Zhuo Z, Tsai Y J, Ackerman E, Gatewood L
Micropopulation Simulation Resource, Health Computer Sciences, University of Minnesota, Minneapolis 55455.
Int J Biomed Comput. 1994 Nov-Dec;37(3):287-96. doi: 10.1016/0020-7101(94)90126-0.
This is an extension of a series of papers dealing with certain models used in the simulation of coronary heart disease. The current study investigates implications of including age as a risk factor in the models discussed in the preceding papers. The effects of using age as a risk factor were investigated in two ways. In one of these, age is interpreted as age of entry into the study; it is similar to the other risk factors in that it is assumed to be constant throughout the study. In the other, age is interpreted as the actual age; thus it increases during the course of simulations. Two polychotomous, multivariate risk functions developed in previous studies, the logistic risk and the Neyman exponential risk, were used to explore the effects of including age as a risk factor. The estimated risk coefficient for age was found to be statistically significant for both functions. The model performance was evaluated by comparing the observational data with outcomes simulated using Monte Carlo techniques. It was found that the logistic risk function failed to describe the observations either with age as a constant or with aging during the simulations. The models including the Neyman exponential risk avoidance fit the data well. The evaluation of the results indicates that aging during the simulations is better than using only the age as the constant value at entry to the study.

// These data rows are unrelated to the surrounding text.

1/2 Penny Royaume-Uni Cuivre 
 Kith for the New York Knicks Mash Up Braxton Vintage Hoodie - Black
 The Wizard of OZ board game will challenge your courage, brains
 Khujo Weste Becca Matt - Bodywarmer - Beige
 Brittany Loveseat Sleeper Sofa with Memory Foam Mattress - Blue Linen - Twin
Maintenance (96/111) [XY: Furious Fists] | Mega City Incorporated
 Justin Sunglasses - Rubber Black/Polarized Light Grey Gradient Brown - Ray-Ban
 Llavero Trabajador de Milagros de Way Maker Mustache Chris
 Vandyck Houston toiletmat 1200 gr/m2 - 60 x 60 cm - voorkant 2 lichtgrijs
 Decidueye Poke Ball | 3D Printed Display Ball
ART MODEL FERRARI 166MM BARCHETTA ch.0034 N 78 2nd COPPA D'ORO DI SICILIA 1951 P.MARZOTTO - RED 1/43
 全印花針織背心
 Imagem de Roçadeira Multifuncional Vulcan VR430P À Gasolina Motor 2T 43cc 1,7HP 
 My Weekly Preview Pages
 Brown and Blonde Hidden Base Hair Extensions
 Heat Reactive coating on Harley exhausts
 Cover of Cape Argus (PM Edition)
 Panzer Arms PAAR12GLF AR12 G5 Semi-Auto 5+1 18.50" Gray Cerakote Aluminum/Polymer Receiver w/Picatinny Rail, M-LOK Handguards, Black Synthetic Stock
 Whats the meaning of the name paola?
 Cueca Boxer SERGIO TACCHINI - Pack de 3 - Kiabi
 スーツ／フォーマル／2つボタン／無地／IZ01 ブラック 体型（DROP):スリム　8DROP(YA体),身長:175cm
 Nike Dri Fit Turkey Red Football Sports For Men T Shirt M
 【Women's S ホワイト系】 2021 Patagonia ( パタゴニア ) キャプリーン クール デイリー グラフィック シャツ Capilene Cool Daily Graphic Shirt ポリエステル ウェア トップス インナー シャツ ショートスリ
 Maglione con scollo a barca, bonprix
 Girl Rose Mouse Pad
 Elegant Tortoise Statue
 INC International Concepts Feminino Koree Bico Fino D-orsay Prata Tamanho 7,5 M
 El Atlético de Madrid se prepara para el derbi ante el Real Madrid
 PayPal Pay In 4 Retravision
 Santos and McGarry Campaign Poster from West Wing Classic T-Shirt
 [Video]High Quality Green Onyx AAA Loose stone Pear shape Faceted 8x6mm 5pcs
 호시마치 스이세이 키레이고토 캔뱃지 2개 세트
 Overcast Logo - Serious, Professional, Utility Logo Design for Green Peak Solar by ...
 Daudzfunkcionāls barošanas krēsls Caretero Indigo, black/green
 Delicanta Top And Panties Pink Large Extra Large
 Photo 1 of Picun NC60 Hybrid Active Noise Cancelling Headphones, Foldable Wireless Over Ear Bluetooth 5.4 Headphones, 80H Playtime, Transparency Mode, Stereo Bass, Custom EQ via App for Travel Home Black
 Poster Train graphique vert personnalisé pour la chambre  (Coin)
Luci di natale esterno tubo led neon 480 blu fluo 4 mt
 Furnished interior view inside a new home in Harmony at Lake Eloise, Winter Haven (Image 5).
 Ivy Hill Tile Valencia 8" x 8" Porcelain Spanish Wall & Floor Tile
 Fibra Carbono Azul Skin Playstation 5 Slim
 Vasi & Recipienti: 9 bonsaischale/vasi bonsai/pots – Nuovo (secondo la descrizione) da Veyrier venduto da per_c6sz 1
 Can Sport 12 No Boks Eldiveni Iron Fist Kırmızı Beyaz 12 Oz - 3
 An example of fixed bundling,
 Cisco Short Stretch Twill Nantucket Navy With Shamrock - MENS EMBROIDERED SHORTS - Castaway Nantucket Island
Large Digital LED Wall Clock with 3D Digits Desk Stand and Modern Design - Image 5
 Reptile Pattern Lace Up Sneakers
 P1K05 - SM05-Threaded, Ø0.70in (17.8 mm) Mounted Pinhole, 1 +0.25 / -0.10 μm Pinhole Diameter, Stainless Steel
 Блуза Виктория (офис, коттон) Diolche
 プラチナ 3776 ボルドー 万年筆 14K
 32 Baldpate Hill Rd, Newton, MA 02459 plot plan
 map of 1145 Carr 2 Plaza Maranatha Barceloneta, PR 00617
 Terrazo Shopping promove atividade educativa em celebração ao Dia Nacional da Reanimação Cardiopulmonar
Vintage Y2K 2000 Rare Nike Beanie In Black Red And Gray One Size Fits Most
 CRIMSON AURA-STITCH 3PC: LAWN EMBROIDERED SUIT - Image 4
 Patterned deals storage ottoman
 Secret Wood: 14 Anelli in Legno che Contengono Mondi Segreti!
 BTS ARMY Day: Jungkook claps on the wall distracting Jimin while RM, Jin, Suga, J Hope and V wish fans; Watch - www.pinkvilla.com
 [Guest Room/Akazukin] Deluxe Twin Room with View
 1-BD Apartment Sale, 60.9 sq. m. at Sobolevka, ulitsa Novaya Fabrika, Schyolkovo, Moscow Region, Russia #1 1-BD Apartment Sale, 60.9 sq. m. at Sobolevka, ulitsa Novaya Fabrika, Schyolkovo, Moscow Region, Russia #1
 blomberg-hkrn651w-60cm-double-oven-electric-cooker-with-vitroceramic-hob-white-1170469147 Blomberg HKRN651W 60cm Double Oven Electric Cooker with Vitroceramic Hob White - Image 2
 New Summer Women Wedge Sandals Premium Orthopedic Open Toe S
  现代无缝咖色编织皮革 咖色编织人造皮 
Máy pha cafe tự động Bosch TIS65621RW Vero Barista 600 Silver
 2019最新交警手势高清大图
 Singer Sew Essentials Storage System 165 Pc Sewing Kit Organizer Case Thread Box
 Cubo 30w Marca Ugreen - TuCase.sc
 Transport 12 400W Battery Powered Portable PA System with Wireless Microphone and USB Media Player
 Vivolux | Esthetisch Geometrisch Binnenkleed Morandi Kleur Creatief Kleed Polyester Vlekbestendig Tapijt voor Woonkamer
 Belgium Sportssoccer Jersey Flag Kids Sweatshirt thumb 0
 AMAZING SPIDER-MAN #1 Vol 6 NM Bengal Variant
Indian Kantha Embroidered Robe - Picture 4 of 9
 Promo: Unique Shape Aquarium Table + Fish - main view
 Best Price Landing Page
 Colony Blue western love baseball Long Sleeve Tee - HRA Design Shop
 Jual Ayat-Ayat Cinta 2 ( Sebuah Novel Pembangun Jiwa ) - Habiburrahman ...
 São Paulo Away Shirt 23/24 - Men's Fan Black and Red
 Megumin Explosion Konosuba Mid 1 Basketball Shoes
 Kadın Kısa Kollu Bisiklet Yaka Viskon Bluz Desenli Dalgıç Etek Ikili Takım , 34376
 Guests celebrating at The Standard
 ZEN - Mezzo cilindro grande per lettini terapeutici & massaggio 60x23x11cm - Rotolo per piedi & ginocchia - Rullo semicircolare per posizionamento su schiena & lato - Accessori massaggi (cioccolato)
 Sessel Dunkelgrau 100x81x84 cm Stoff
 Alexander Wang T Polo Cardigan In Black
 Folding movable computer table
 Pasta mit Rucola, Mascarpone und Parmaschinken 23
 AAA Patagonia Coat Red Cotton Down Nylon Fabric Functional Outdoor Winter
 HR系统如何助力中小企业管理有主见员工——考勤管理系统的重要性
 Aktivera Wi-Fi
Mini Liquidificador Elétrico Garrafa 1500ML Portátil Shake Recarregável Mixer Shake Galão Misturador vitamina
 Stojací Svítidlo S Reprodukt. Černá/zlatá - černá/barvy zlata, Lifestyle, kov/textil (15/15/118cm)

这是一系列论述冠心病模拟中使用的特定模型的论文的续篇。当前研究探讨在前文所述模型中纳入年龄作为风险因素的影响。将年龄用作风险因素的影响通过两种方式进行研究。其中一种方式中,年龄被解释为进入研究时的年龄;它与其他风险因素类似,即假定在整个研究过程中保持不变。另一种方式中,年龄被解释为实际年龄;因此在模拟过程中它会增加。先前研究中开发的两个多分类多元风险函数,即逻辑风险函数和奈曼指数风险函数,被用于探究纳入年龄作为风险因素的影响。发现年龄的估计风险系数对这两个函数而言均具有统计学意义。通过将观测数据与使用蒙特卡洛技术模拟的结果进行比较来评估模型性能。结果发现,无论是将年龄视为常数还是在模拟过程中考虑年龄增长,逻辑风险函数都无法描述观测结果。包含奈曼指数风险规避的模型与数据拟合良好。对结果的评估表明,在模拟过程中考虑年龄增长比仅使用进入研究时的年龄常数更好。